Big Bucks for Ithaca  CU INCREASES FUNDING

PRESIDENT JEFFREY LEHMAN HAS forged a new deal with the City of Ithaca that substantially increases Cornell’s voluntary contribution and extends the memorandum of understanding that was approved in 1995. That agreement would have expired in 2007 with a final-year contribution from Cornell of $1 million. “I will be asking the trustees to accelerate that $1 million contribution to next year in place of the scheduled $750,000 contribution,” Lehman told city officials on the morning of his inauguration. “I am also proposing that the final three years of the current contribution schedule be amended so that Cornell’s voluntary contributions to the city will increase by $625,000 over the next four years . . . [and] I am proposing that the university make an additional contribution of $475,000 to the city over the next three years in support of its economic development efforts. This will bring Cornell’s voluntary contributions to the City of Ithaca to $4.7 million over the next four years.” Lehman also proposed that the memorandum of understanding be extended to 2023, with the university’s payments adjusted each year to reflect changes in the Consumer Price Index.

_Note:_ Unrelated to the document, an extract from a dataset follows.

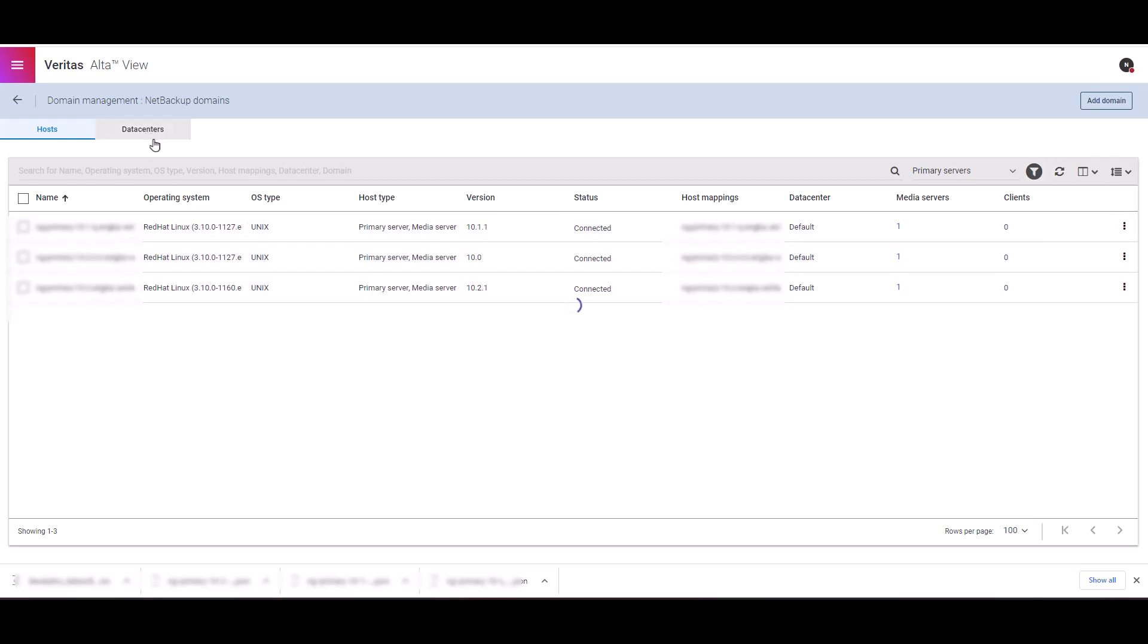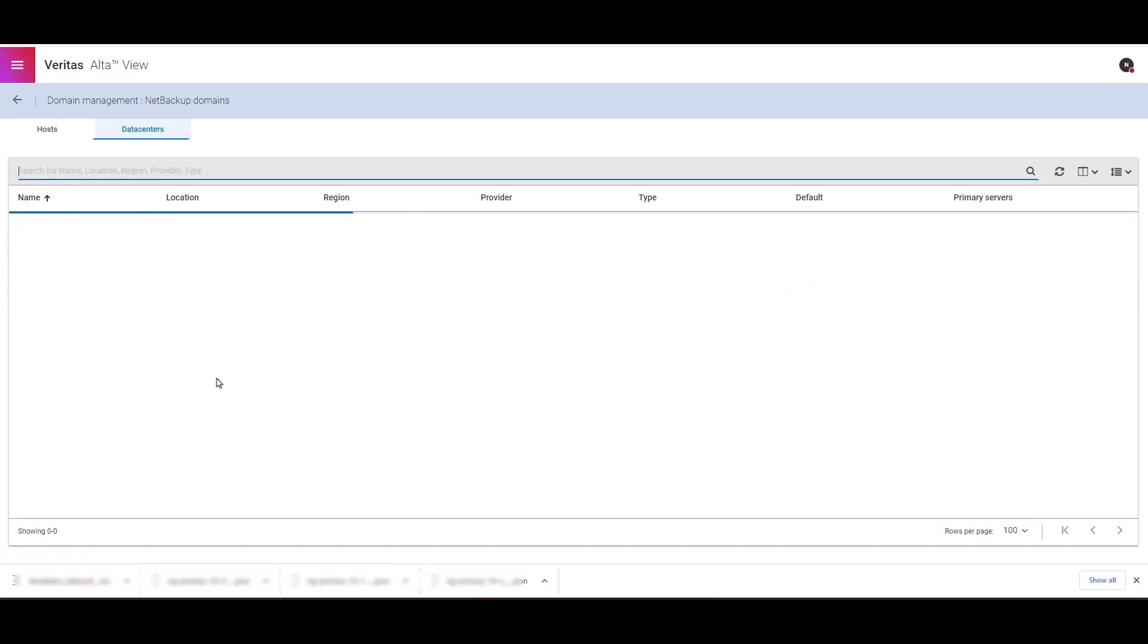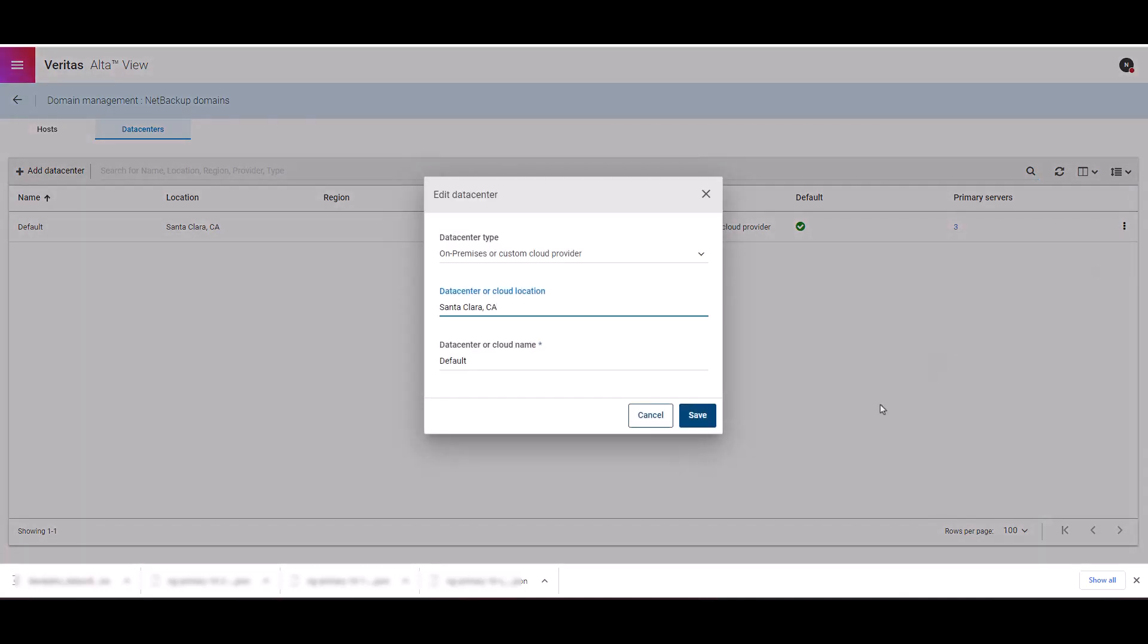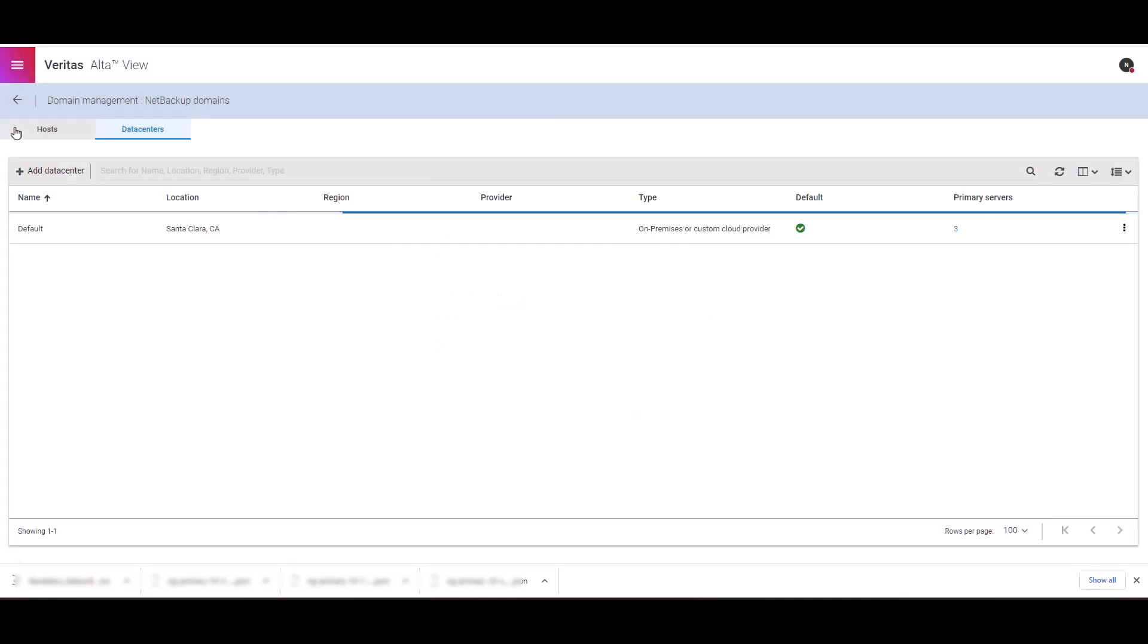Let's browse over to the data center tab. Since all our servers are added to the default data center during the installation, we only see one listed here. You can modify the location by clicking on edit if you wish to do that. Let's go back to the host tab. Let's try to connect to NetBackup Web UI from the action menu.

Lehman’s proposal was subsequently approved by both the Board of Trustees and the Ithaca City Common Council, but not without some grumbling from local officials. The deal had been struck between Lehman and outgoing mayor Alan Cohen ’81, some members said, without consulting the council. There were also complaints about a paragraph that allows Cornell to withdraw funding if the city has, in the university’s opinion, acted “arbitrarily and capriciously.” In a public hearing, Lehman told council members that he doubted the withdrawal clause would ever be invoked and that he would feel “a great sense of personal and institutional failure” if it were.

 

’Swonderful   LEHMAN ON STATE OF U.

ON OCTOBER 17—ONE DAY AFTER HIS inauguration—President Jeffrey Lehman ’77 delivered his first State of the University address to the assembled members of the Board of Trustees and University Council. He reviewed the key points of the inaugural addresses he had given in Qatar, New York City, and Ithaca, and told his listeners, “During my first few months as president, [my wife] Kathy [Okun] and I have been doing our best to engage the university and the community as fully as possible.” What they had learned after dozens of meetings with faculty, staff, students, alumni, and community leaders is that “Cornell is wonderful.”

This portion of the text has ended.